240v LED ropelight is £1 per metre, would the consumption be OK through the invereter? I wanted to use it in the engineroom. Unfortunately 24v is £14 per metre. I could see using it around the deck.
I once bought a set of bino's which were supposed to be marine glass's.
They were excellent during the day time, very bright and crisp.
But the red coating on the lense which made the most of the dusk and dawn light cut down the amount of red light allowed throught the lense at night.
It was very difficult to see red navigation ligths at night, which was a little dangerous to say the least.

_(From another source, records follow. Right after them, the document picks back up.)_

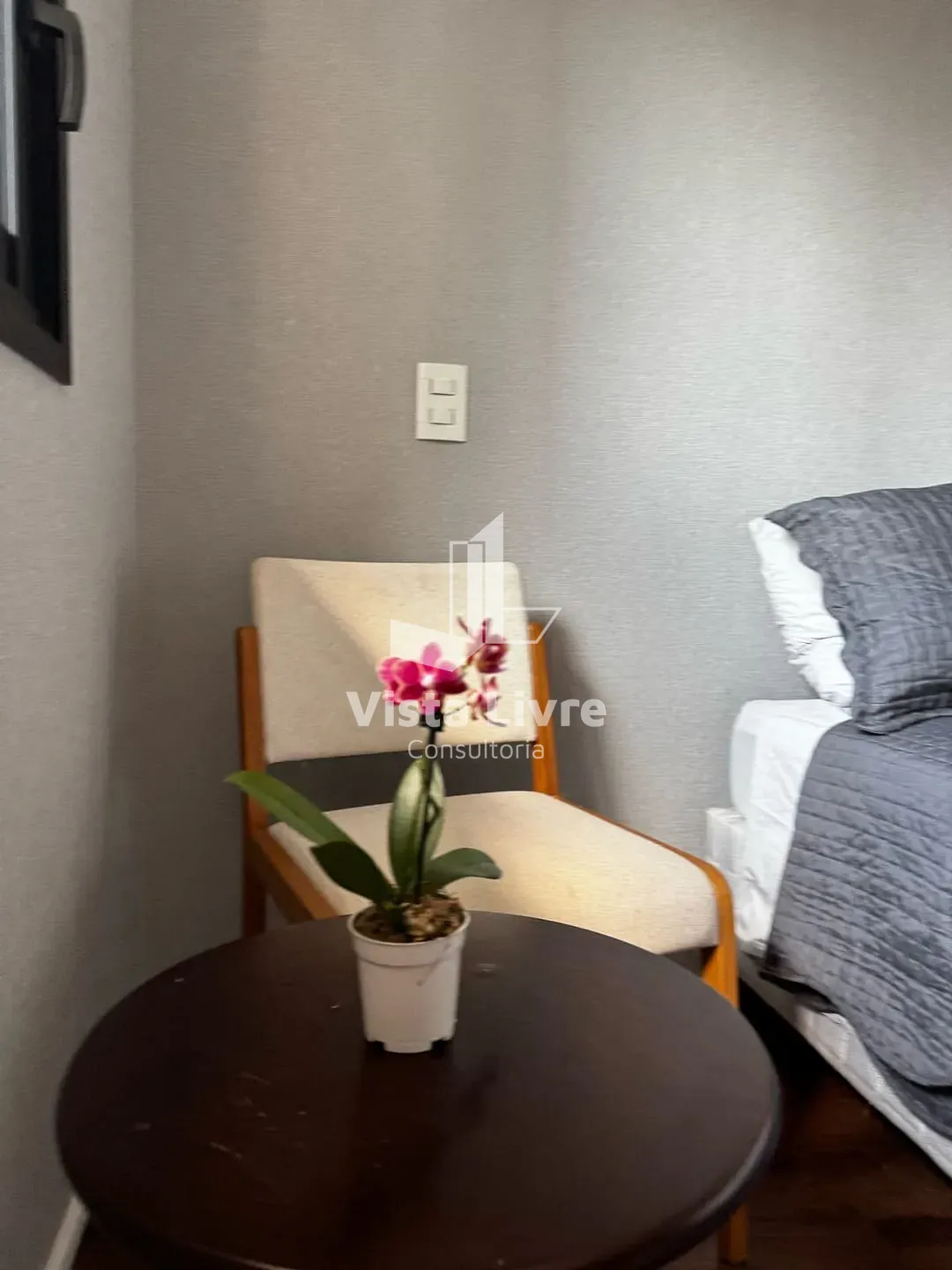 Apartamento, 1 quarto, 29 m² - Foto 7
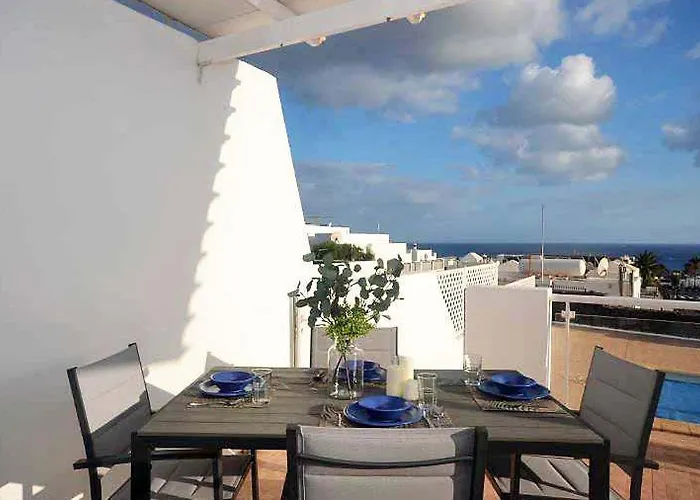 וילה Casa Bonita *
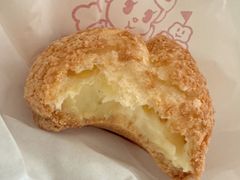 -西树泡芙(蓝色港湾店)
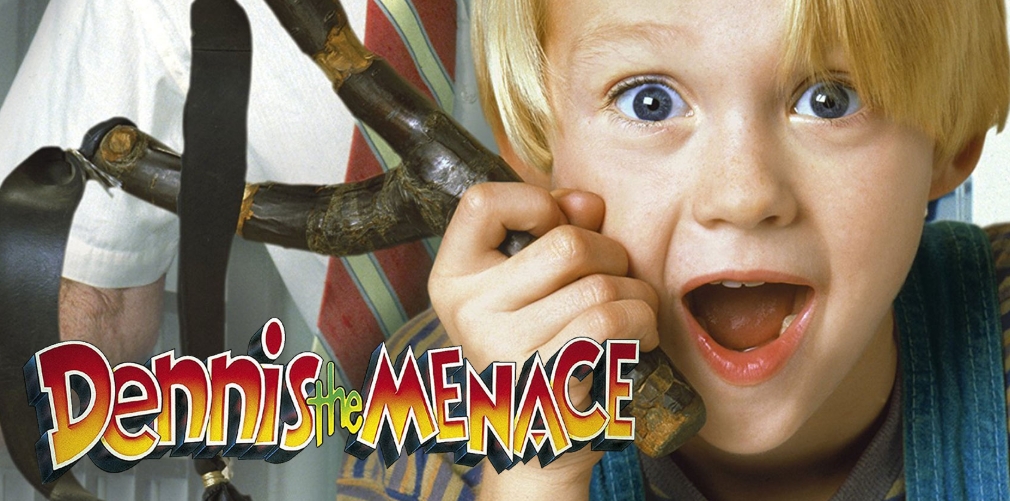 Movies Like Dennis the Menace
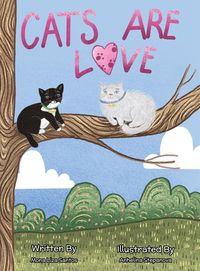 Produktbild: Cats Are Love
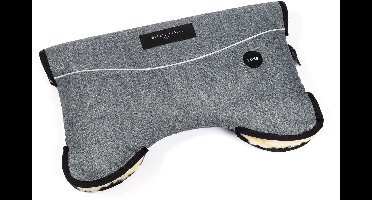 Werner Christ Baby Handmuffe MOFFY LUXE MUFF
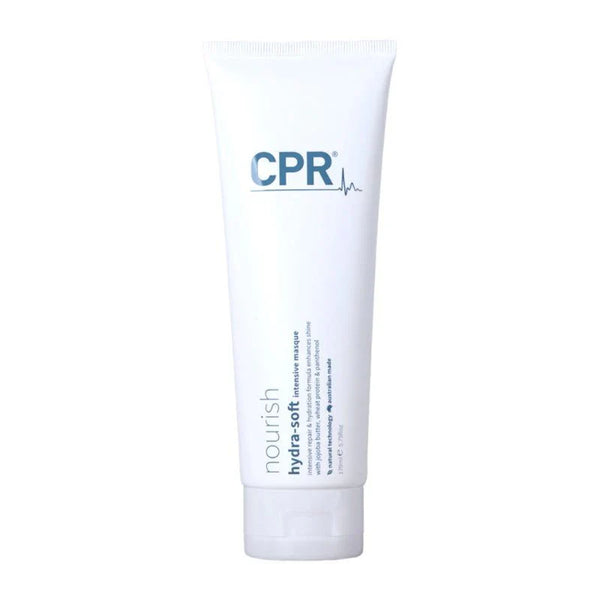 CPR nourish hydra-soft intensive masque 170ml
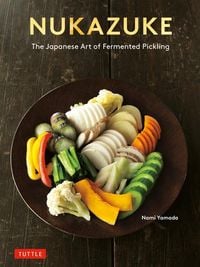Produktbild: Nukazuke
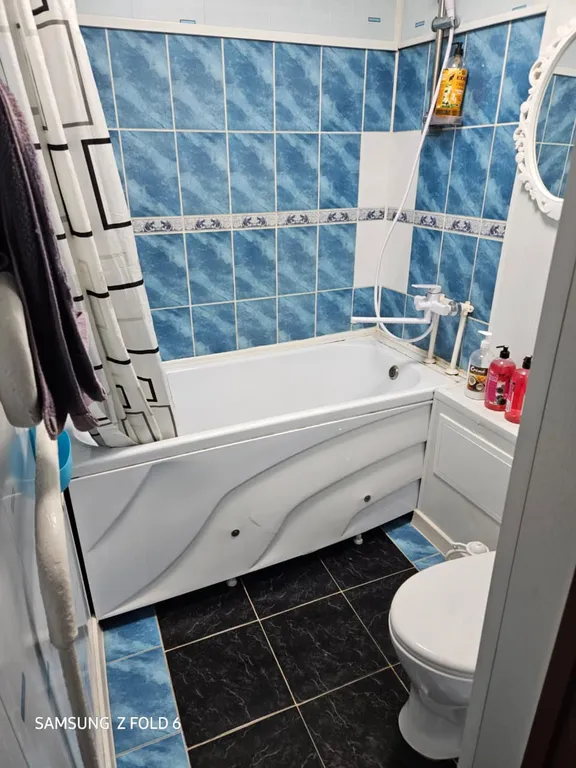 Квартира от терм в 400 метрах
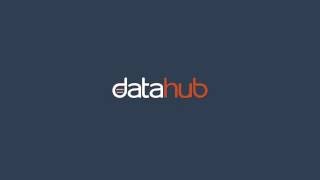 datahub  First look [upl. by Eserehc188]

Re red nav table lights, your point is very pertinent, and I guess you do have to be aware of this shortcoming. Its your judgement whether you want to loose your night vision for a few minutes or just take a bit more time looking at the chart.
leds are harsher than conventional bulbs. They use less than 10% of the power for the same output . they run cold. Mostly are highly directional. They last virtually forever.
I adapted tradional brass interior lights. by making up arrays of about 50 white leds and 10 red, to warm up the light colour somewhat. I bought online cheaply, and the resultant is good for general work but not reading. You can also get only white 21 white led arrays as reversing lights on cars, and they are Ok for reading
My Chartlight for night passage use has an amber lens (off a car indicator repeater) Cheap, effective & still lets you see red lines on the chart (there aren't any amber chart markings are there?)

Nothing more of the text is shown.